- See documentation at http://star.mit.edu/cluster/docs/latest/installation.html
- pip install StarCluster
- Follow directions at http://star.mit.edu/cluster/docs/latest/quickstart.html to create config template, SSH keypair, etc.
- Get 12-digit user ID for your AWS account (not your IAM username) from AWS dashboard.
- Specify a name for the SSH key that is unique to the user (e.g., "janedoe_ec2" instead of "mykey")
- In the config file, set NODE_IMAGE_ID to the HVM AMI key
- Set the NODE_INSTANCE_TYPE (e.g., c3.xlarge, etc.)
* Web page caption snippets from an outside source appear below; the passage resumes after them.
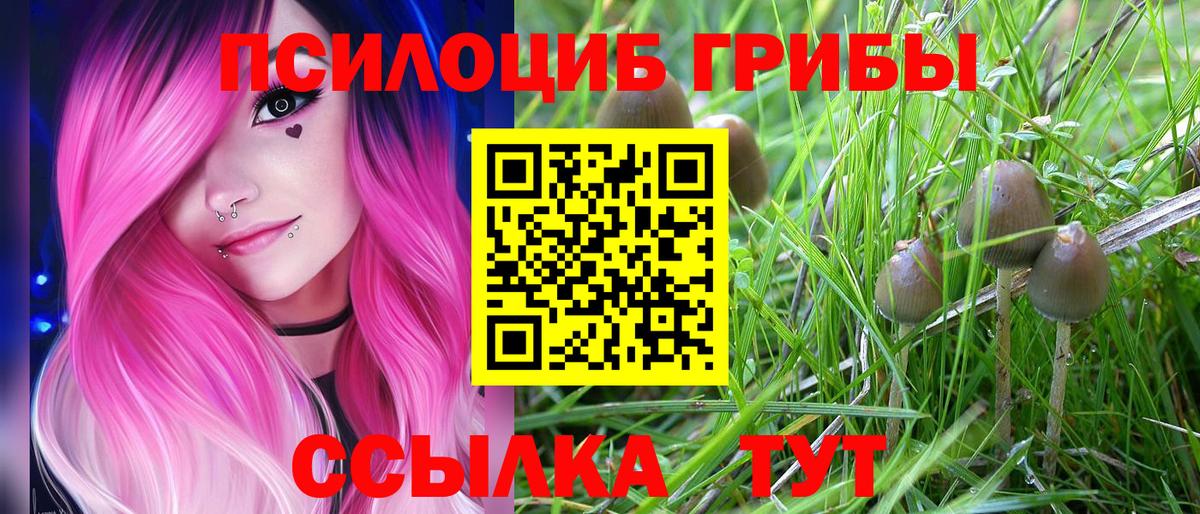 Героин Новоалтайск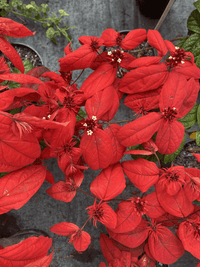 Quisqualis 'Red Riot' - Ladybird Nursery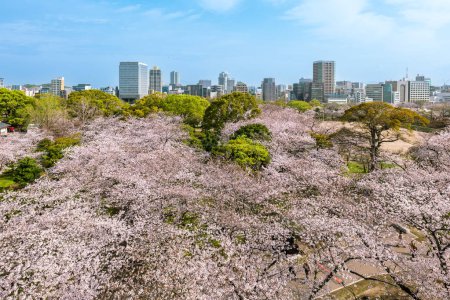 Foto de Vista sobre las ruinas del castillo de Fukuoka con flor de cerezo en Fukuoka, Kyushu, Japón - Imagen libre de derechos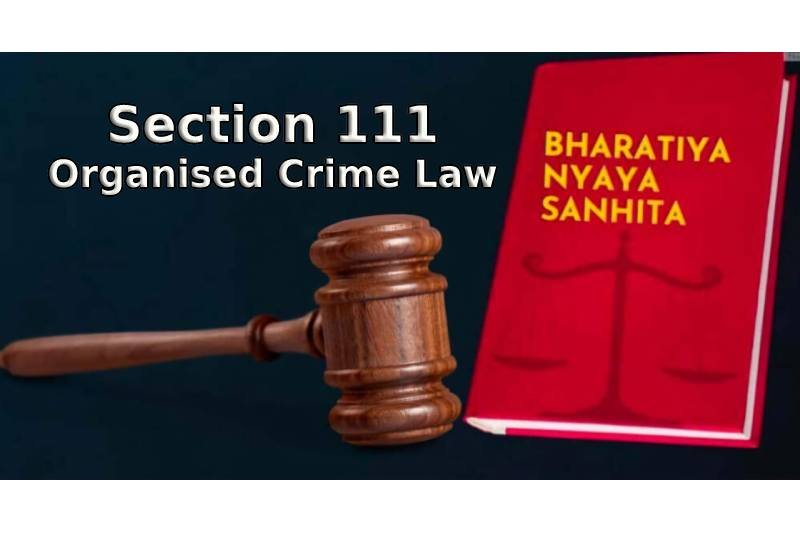 section 111 Organised Crime Law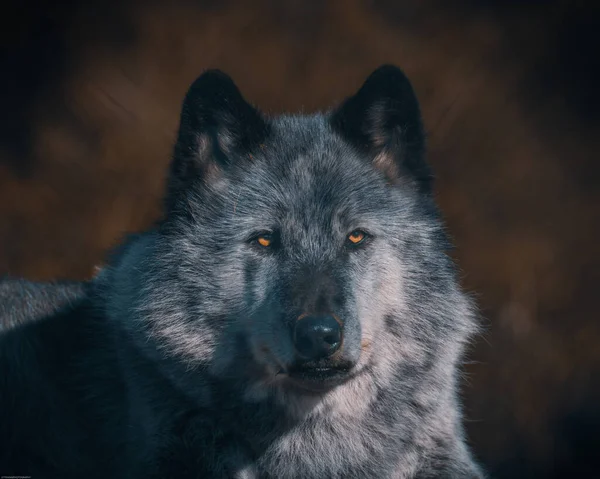 Een Close Portret Van Een Zwarte Canadese Wolf Een Wazige — Stockfoto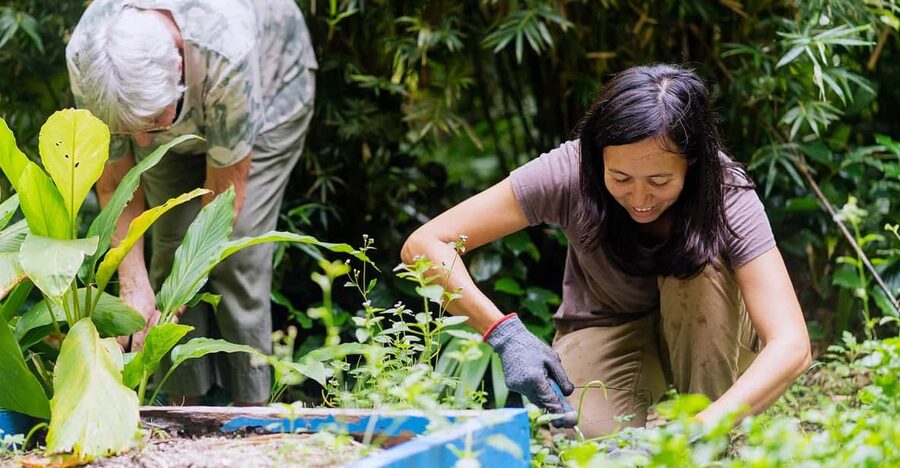 Penang: Tropical Spice Garden Entrance Ticket & Guided Tours - How the walking route works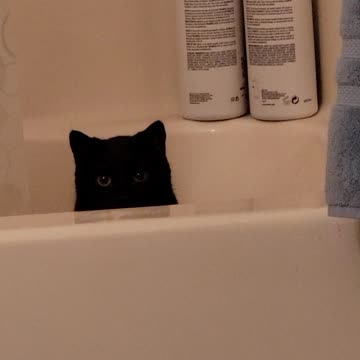 Creepy cat stare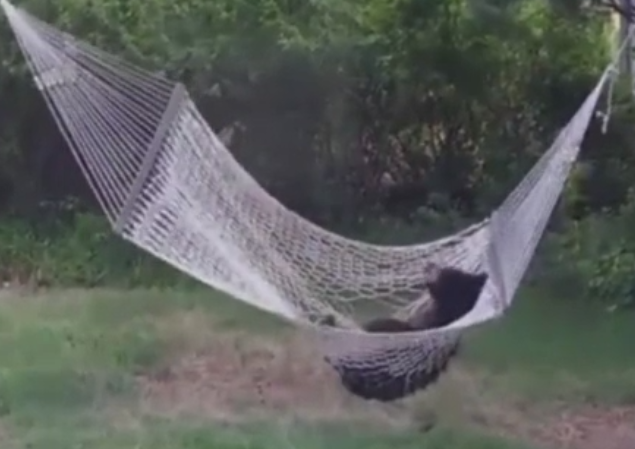 Ursul care a descoperit distractia intr-un hamac. Aventura animalului pentru a se mentine in pozitie. VIDEO
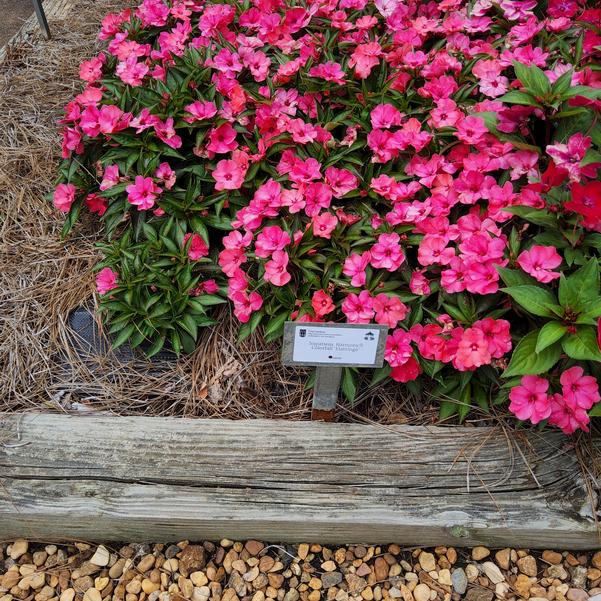 Impatiens Harmony® Colorfall 'Flamingo' Image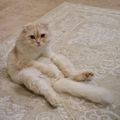 2 Scottish Cats - Zue For Pet Supplies Co.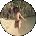 Osiris Funes Avatar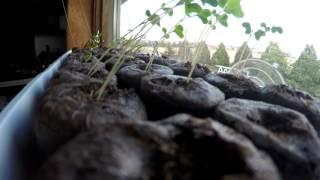 Week Long SekuraGarden Seedling Timelapse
Start cluster and SSH into root node:
starcluster start mycluster starcluster sshmaster mycluster
The StarCluster AMI includes numpy, scipy, matplotlib, ipython, pip, unzip, git, libmpich2, mpich2.
Change directory to /home/sgeadmin so that any downloaded software goes here. Only files in /home can be seen by all nodes:
cd /home/sgeadmin
The mpi4py package included with the StarCluster AMI was compiled against the wrong MPI library (mpich instead of openmpi). To fix this, it needs to be uninstalled and explicitly compiled against openmpi:
pip uninstall -y mpi4py update-alternatives --set mpi /usr/lib/openmpi/include pip install mpi4py
The above steps (and any other custom configuration or dependency setup for your specific project) can be put into a script which is copied over to the cluster and then, run, as in the following:
starcluster put mycluster provision_cluster.sh /home/sgeadmin starcluster sshmaster mycluster '/home/sgeadmin/provision_cluster.sh'
It may be preferable for MPI jobs to allocate slots in a fill-up (assign all slots from a given machine before going to the next machine) rather than a round-robin fashion (assign one slot from each machine in turn). To check the allocation method, run and check the allocation_rule field:
qconf -sp orte
Parallel jobs can be submitted using SGE by:
qsub -b y -cwd -pe orte 24 mpirun ./mpi-executable arg1 arg2 [...]
-b y
specifies that the executable is a binary.-cwd
executes the job from the current working directory.-pe orte
specifies the name of the parallel environment and the number of nodes (24).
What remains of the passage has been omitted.